Einfach gesagt: Der Arbeitgeber muss auch für die rückgestellte Gage die Sozialversicherungsbeiträge zum Zeitpunkt der Dreharbeiten abführen. Für den diesen Teil der Gage muss der Arbeitgeber aber auch den Arbeitnehmeranteil abführen. Kommt es zur späteren Auszahlung der Gage an den Arbeitnehmer, behält der Arbeitgeber den Sozialversicherungsanteil des Arbeitnehmers bei Auszahlung ein.
2. Steuerrecht
Steuerrechtlich führen Rückstellungsvereinbarungen zu folgenden Ergebnissen:
a) Produktionsseite
Anders als im Sozialversicherungsrecht fällt Lohnsteuer für Arbeitnehmer erst im Zeitpunkt der Zahlung an. Insoweit hat die Produktion die Gagen erst bei Auszahlung in der Lohnsteueranmeldung zu berücksichtigen und an das Finanzamt abzuführen.
I. Bilanzierende Unternehmen
Es stellt sich allerdings die Frage, ob die Produktion die eventuell anstehende Auszahlung der Gagen im Rahmen der Bilanz, insbesondere als Rückstellung, zu berücksichtigen hat. Eine Berücksichtigung von Rückstellungen dient dem Zweck, künftige Ausgaben oder Verluste dem Wirtschaftsjahr der Verursachung zuzuordnen. Dabei ist noch nicht absehbar, ob und wenn ja, wann und in welcher Höhe zu zahlen ist.
Die Rückstellungsverträge in der Filmbranche sind unserer Meinung nach als Rückstellung für ungewisse Verbindlichkeiten zu interpretieren. Nach dem Handelsrecht sind solche Rückstellungen zwingend zu bilden. Anders sieht es hier allerdings im Steuerrecht aus, das mit § 5 Abs. 2a EStG Rückstellungen für ungewisse Verbindlichkeiten verbietet, soweit diese nur zu tilgen sind, soweit künftig Gewinne oder Einnahmen anfallen. Dies bedeutet, dass die Produktion handelsrechtlich eine entsprechende Rückstellung zu bilden hat, dies in der Steuerbilanz allerdings unterlassen muss. Es kommt somit zur Abweichung zwischen Steuer- und Handelsbilanz.
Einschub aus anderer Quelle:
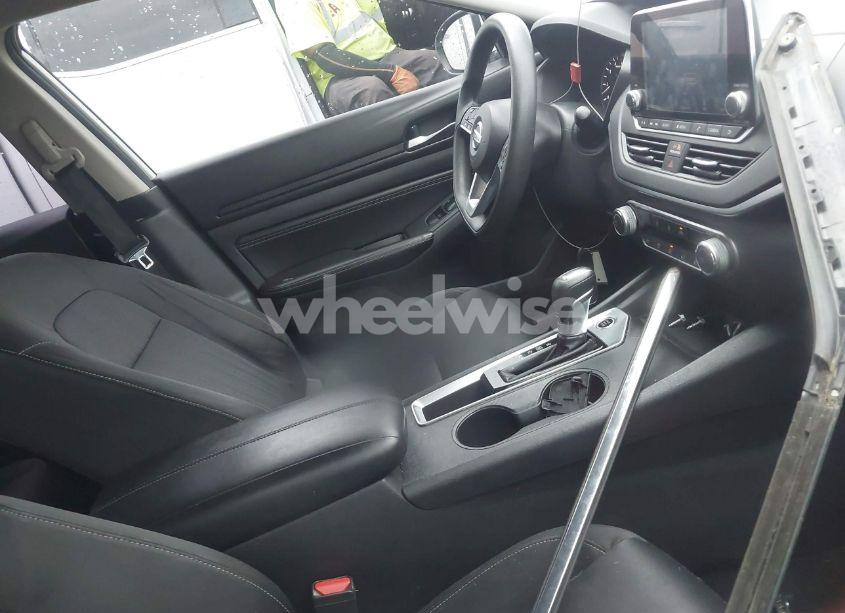 Photo 5 of 2020 Nissan Altima S FWD (VIN 1N4BL4BV6LC139087)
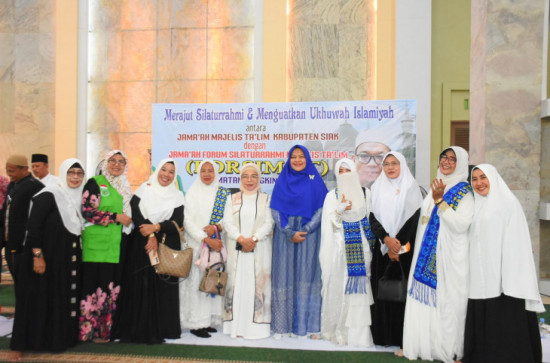 Dihadiri Ketua TP PKK Kabupaten Kampar, Pj. Sekda Kabupaten Kampar Hadiri Tabligh Akbar dan Silaturahmi Gabungan Jamaah Forsimat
II. Unternehmen, die den Gewinn mit der Einnahmenüberschussrechnung ermitteln
Bei kleineren Produktionen, die ihren Gewinn anhand der Einnahmenüberschussrechnung ermitteln, ist das Zufluss-Abfluss-Prinzip zu berücksichtigen. Dies bedeutet, dass es erst mit Auszahlung der Gage zu einer Gewinnminderung kommt.
b) Empfängerseite
I. Einkünfte aus nichtselbständiger Tätigkeit
Ist die Gage als „Einnahmen aus nichtselbständiger Tätigkeit“ zu werten, erfolgt die Versteuerung erst mit Auszahlung der entsprechenden Gage. Eine rückgestellte Gage wird also erst mit der Auszahlung steuerlich relevant.
II. Einkünfte aus selbständiger Tätigkeit
Rechnet das Mitglied der Filmcrew mit Rechnung gegenüber der Produktion ab und ermittelt seinen Gewinn anhand der Einnahmenüberschussrechnung, kommt es ebenfalls erst mit der Bezahlung der Rechnung über den rückgestellten Betrag zur Versteuerung der Einnahmen.
3. Gesetzliche Unfallversicherung
Wie bei der Sozialversicherung wird auch bei der Unfallversicherung das Arbeitsentgelt berücksichtigt, auf welches ein Anspruch bestand bzw. eventuell besteht. Im Jahr des Drehs die Summe aus ausbezahltem und rückgestelltem Arbeitsentgelt zu melden und der Beitrag zur Berufsgenossenschaft zu entrichten.
Zu beachten ist, dass die Regelungen übrigens auch für NoBudetproduktionen gelten, bei denen häufig 100% der Gage zurückgestellt werden. Somit sollte zumindest für die Beiträge zur Unfallversicherung und zur Sozialversicherung ein Budget vorhanden sein.